The hardest part of my day was in writing a biography about a man I’ve never met. People do this all the time, they are called biographers. They usually have a few more resources at hand and the opportunity to do more research. But I was tasked with doing this one in an afternoon. Fortunately the length required was much shorter.

But still, 750 word biography on a man you’ve never met. He’s deceased. His wife is also gone. There is, I was told, some small mystery about some of the particulars, even among his children. I understand that. There’s a lot of that in my family, too. Also, this is a bio about a journalist, which will be read by an audience of journalism-type folks.

No pressure, right?

Hugh Frank Smith attended Samford in the 1930s, when it was Howard College. Then he went to Mizzou to finish his education. I talked to some of their folks today trying to drum up information. He graduated, started working at a Memphis paper, where he stayed for half a century until it folded, with the exception of his time in the Navy during World War II. He wrote for other Tennessee papers after the Press-Scimitar disappeared. His work cropped up from time to time in bigger publications.
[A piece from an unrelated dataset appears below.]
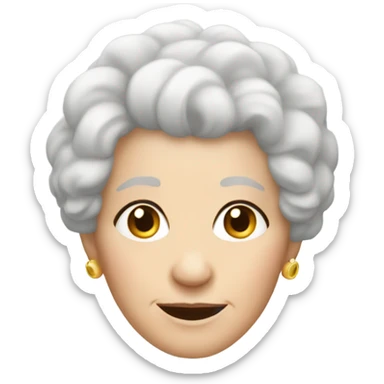 an elderly white woman with a fluffy hairstyle sticker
He ran a horse farm. A lot of people in Memphis learned to ride there. He used email, perhaps unusual for a man born in 1915. He traveled quite a bit, but never forgot east Alabama, from which he came, or Samford, to whom he became a scholarship donor. All of the things you can find about him are very complimentary. He seems like he would have been a nice man to know.

But I was able to find some of his old columns, and they are lovely. From late in his life, a tribute to his sister:

Nan taught me a lot through the years. She read to me nearly every day and was always reading a book herself — one reason why I still read one or two books a week. She taught me how to drive our old Model T Ford — at first in a hayfield, then later on a dirt road.

She always said, “Look straight ahead when you are driving.” Once when we were rounding a curve I almost ran into a ditch. She couldn’t understand why I was so reckless. “You told me always to look straight ahead,” I explained, and I had been — straight ahead into a cotton field.

I must have scored well in her other lessons because I have never had to report an accident in 78 years of driving.

Here’s one he wrote a few years after his wife died:

Even as her memory faded, Rachael never seemed depressed, and often she would laugh at herself when she said something ridiculous or outrageous. Rather than correct her mistakes, many of them humorous, we just went along with them. I even kept a log. For example, one evening she looked at me and asked: “How did I happen to marry you? I didn’t mean to.” We both laughed. Another night, after arriving home from a party, she looked at our house and asked: “Didn’t we once live here?” I laughed and she quickly joined me.

I really think she often made comments like that just to elicit a chuckle. When she couldn’t get to sleep one night, I suggested: “Why don’t you count sheep?” Her reply: “We only have three.” That was true; we had three sheep.

[…]

Most important, she remained at the center of our farm and our family throughout it all. We found ways to treasure as much of the end of life as possible. As it turned out, Rachael’s sunny disposition throughout her life was her final gift to us. It made Alzheimer’s “long goodbye” more bearable for my daughters and myself.

So I wrote a bio, met with students. I gave a tour of a few of the facilities to a visiting alumnus. I taught a class. Also this, a hasty little video just to remember the sunny day:

It was a fine day. Began with a headache, ended with pizza with friends and jokes in a blustery parking lot.